3. Activities of the Trust and Their Alignment with the Trust's Objects:
The assessee claimed that it had always acted in accordance with its objects. However, the Tribunal noted that prima facie, the materials and emails gathered during the survey indicated otherwise. The Tribunal highlighted emails and other evidence suggesting that the assessee trust was involved in activities to stop coal-based Indian Thermal Power Plants and coal mine projects, which was not in line with the trust's stated objects. Therefore, the Tribunal found a lack of transparency in the activities of the assessee trust.

4. Maintainability of the Stay Application:
The Tribunal referred to various decisions, including those of the Hon'ble Supreme Court and High Courts, to conclude that the ITAT has the power to grant stay in appropriate cases. The Tribunal held that it has the power under Section 254(1) of the Act to grant stay if the facts and circumstances warrant it.
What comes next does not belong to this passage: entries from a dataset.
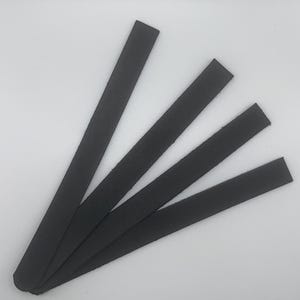 Puede incluir: Cuatro tiras de cuero negro dispuestas diagonalmente sobre un fondo blanco. Cada tira tiene extremos redondeados y una superficie ligeramente texturizada. Las tiras están espaciadas uniformemente. Cada tira mide aproximadamente 1 cm de ancho.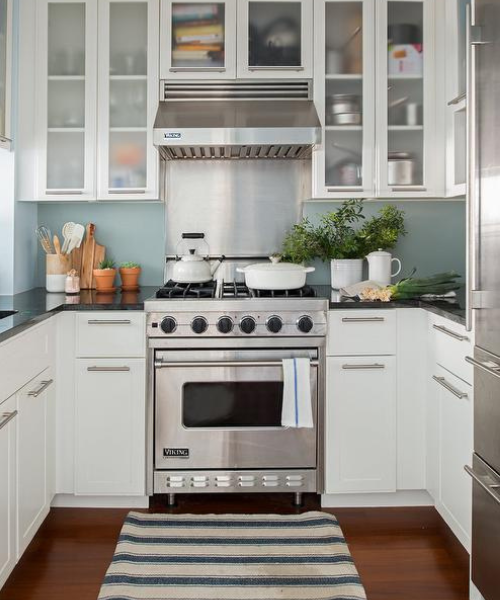 A kitchen with white cabinets and stainless steel appliances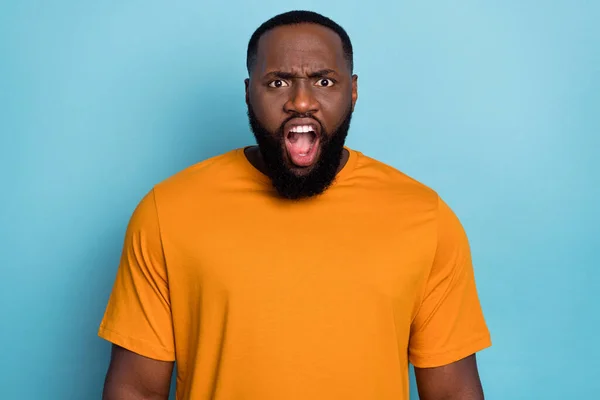 Фото озлобленного шокированного парня носить оранжевую футболку крича вы открываете рот изолированный синий цвет фона — стоковое фото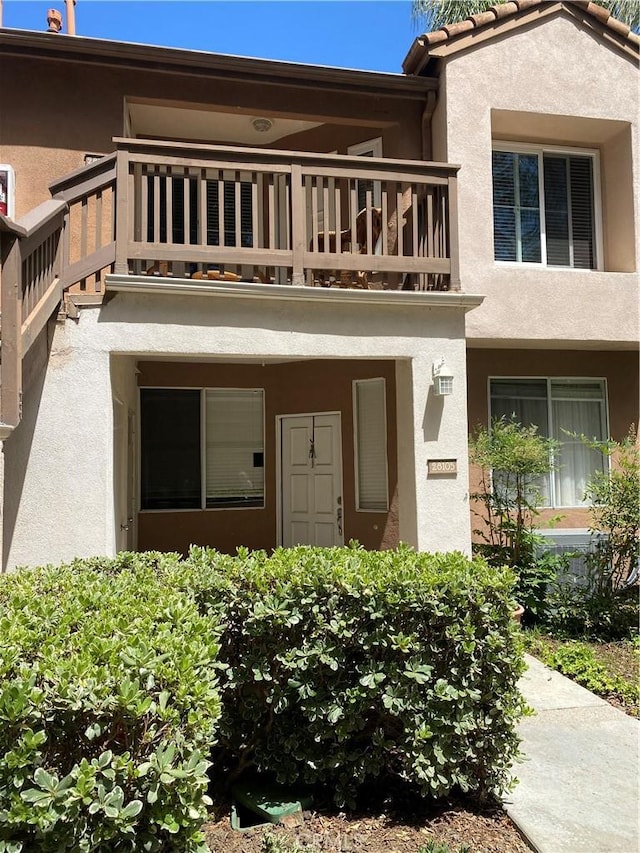 28107 Caldaro, Laguna Niguel, CA 92677 - view of exterior entry with a balcony and stucco siding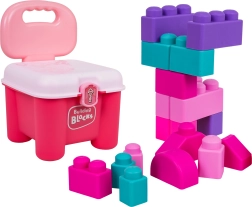 Set zachte bouwblokken met roze opbergbakje in de vorm van een stoeltje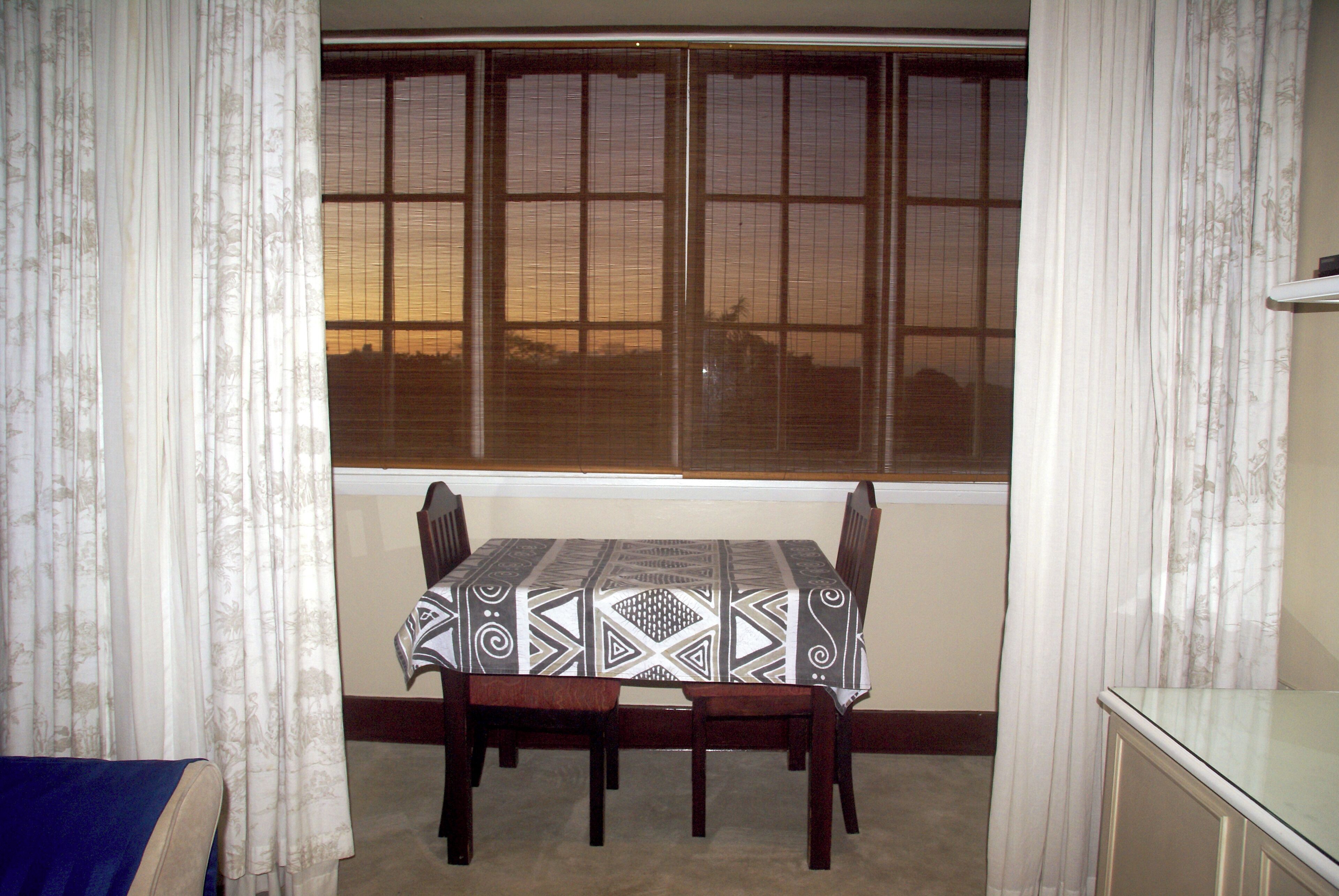 A dining area with a table set for four, a window with blinds, and a blue sofa.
5. Prima Facie Case, Balance of Convenience, and Irreparable Loss:
The Tribunal noted that for the grant of stay, the assessee has to satisfy all three conditions: prima facie case, balance of convenience, and irreparable loss. The Tribunal found that the assessee failed to make out a prima facie case as the PCIT (Central)-2, Delhi had the jurisdiction to cancel the registration, and the cancellation could be retrospective. The Tribunal also found that the activities of the trust were not in line with its objects, causing irreparable loss to the nation rather than the assessee. Consequently, the balance of convenience was not in favor of the assessee.

Conclusion:
The Tribunal dismissed the stay application of the assessee, holding that the assessee failed to satisfy the conditions for the grant of stay, and the activities of the trust were not being carried out as per its objects. The order dated 30.09.2023 cancelling the registration of the assessee trust with retrospective effect was upheld.